DI’s Lucy Britner embarks on a voyage of discovery

on 14 February, 2011

I’m not very good at geography. When I finished the WSET Advanced course in Wines & Spirits I vowed I wasn’t going to do the Diploma. The G word is such a large part of the course and you have to remember where a particular region is, what grows there, what the climate’s like and what the soil type is.......

Somehow, in the year between taking the advanced course and now, I have managed to forget the angst, the maps scribbled on notepaper and stuck to the wall, the waking up next to a dribble-stained textbook…

That is until I was climbing the stairs to day one of the diploma. I. AM. MAD.

Luckily, day one of the two-year part-time course was all about my favourite bit – tasting. We had three white wines and were told they were all the same grape, one was a high-volume brand, one was cool-climate and they may or may not be the same wine.

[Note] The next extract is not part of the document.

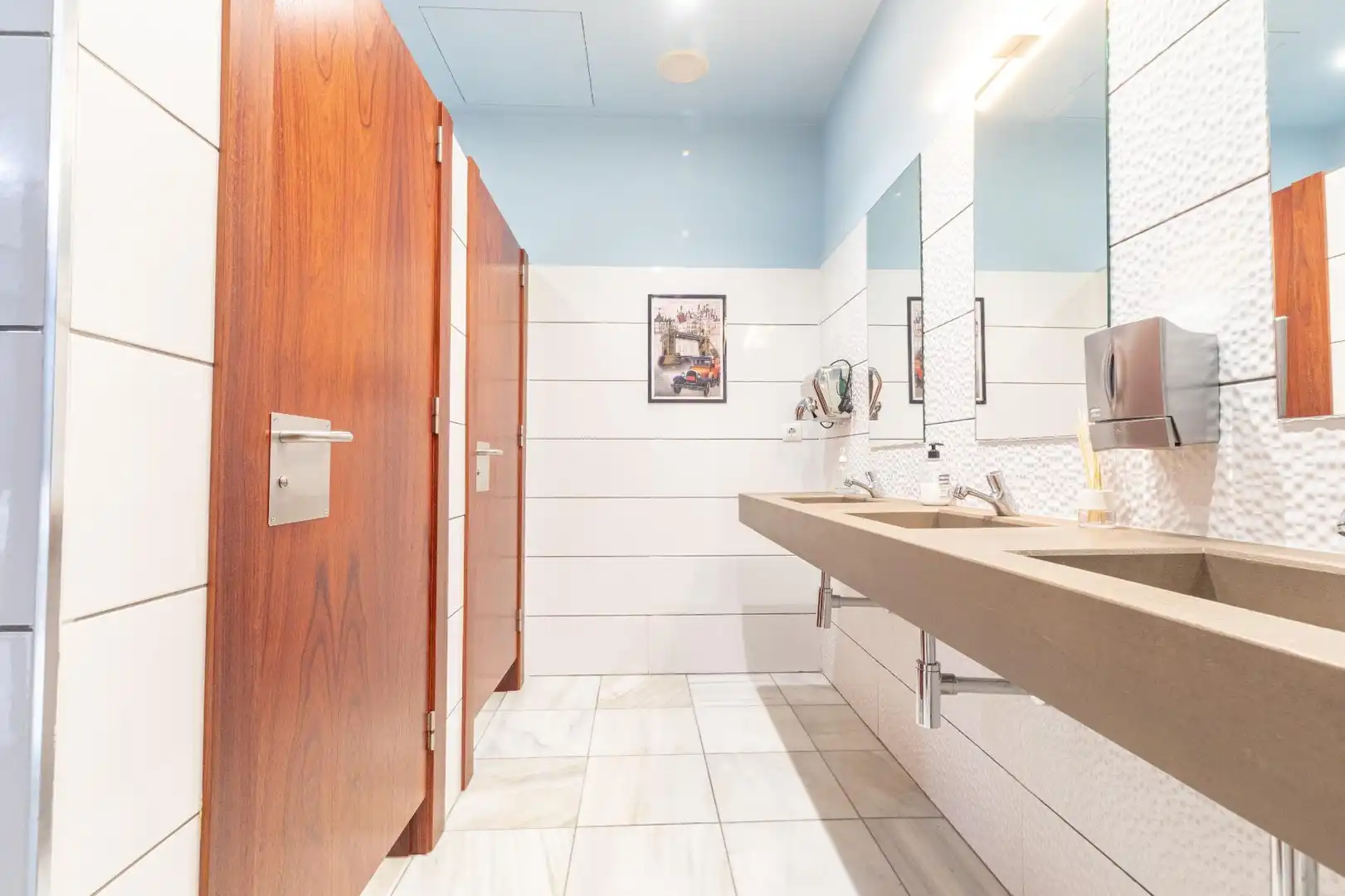 Edificio en venta en Avenida Juan Carlos I, Campos del Río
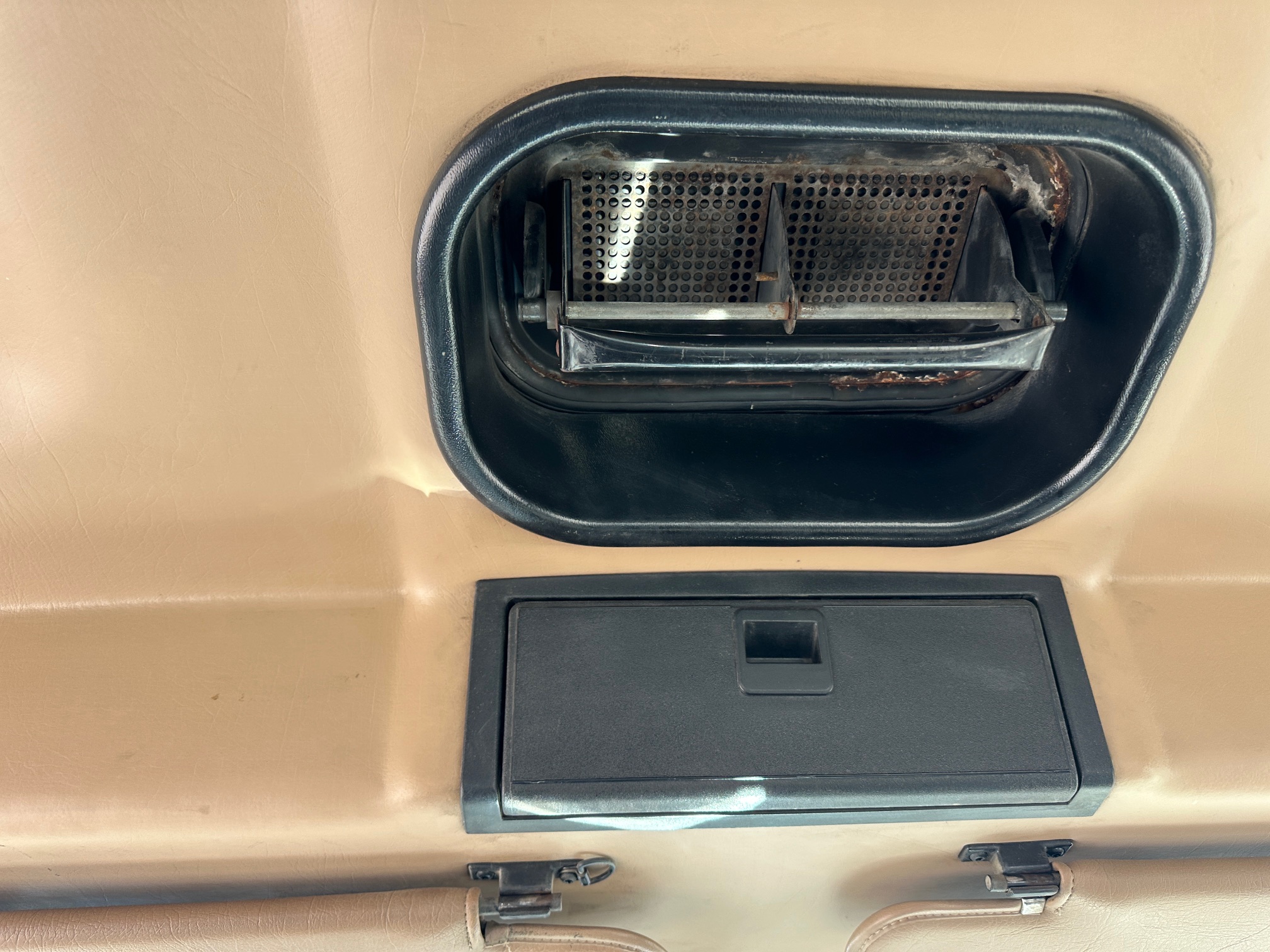 2003 MACK Granite CV713 - Image 37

So we went to work and, with a combination of luck and judgement, I got them all right. We did the same with five reds in the afternoon and I felt quite happy about the general progress of the day. Then came the bombshell that the minimum required extra reading for the course is more than 600 hours. That’s 25 whole days. Sh*t.

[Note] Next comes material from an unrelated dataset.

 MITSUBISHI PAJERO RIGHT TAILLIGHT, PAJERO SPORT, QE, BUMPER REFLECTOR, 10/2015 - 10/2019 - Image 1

A week before D Day, I was lucky enough to attend the WSET graduation ceremony at London’s Guildhall. A bit of a window into what’s possible, I thought.

Hugh Johnson presented a “record number” of diploma students with their certificates and new honorary president Jancis Robinson was welcomed to the fore for the next two years.

The course leader chirpily said that if we passed all of our units, Jancis would be presenting us with our diplomas in 2013.

Frankly, that seems so far away that I have an image of arriving in flying cars and being greeted by a hologram of WSET chief executive Ian Harris so he can be at all 400 education centres across the world at the same time. Time will tell.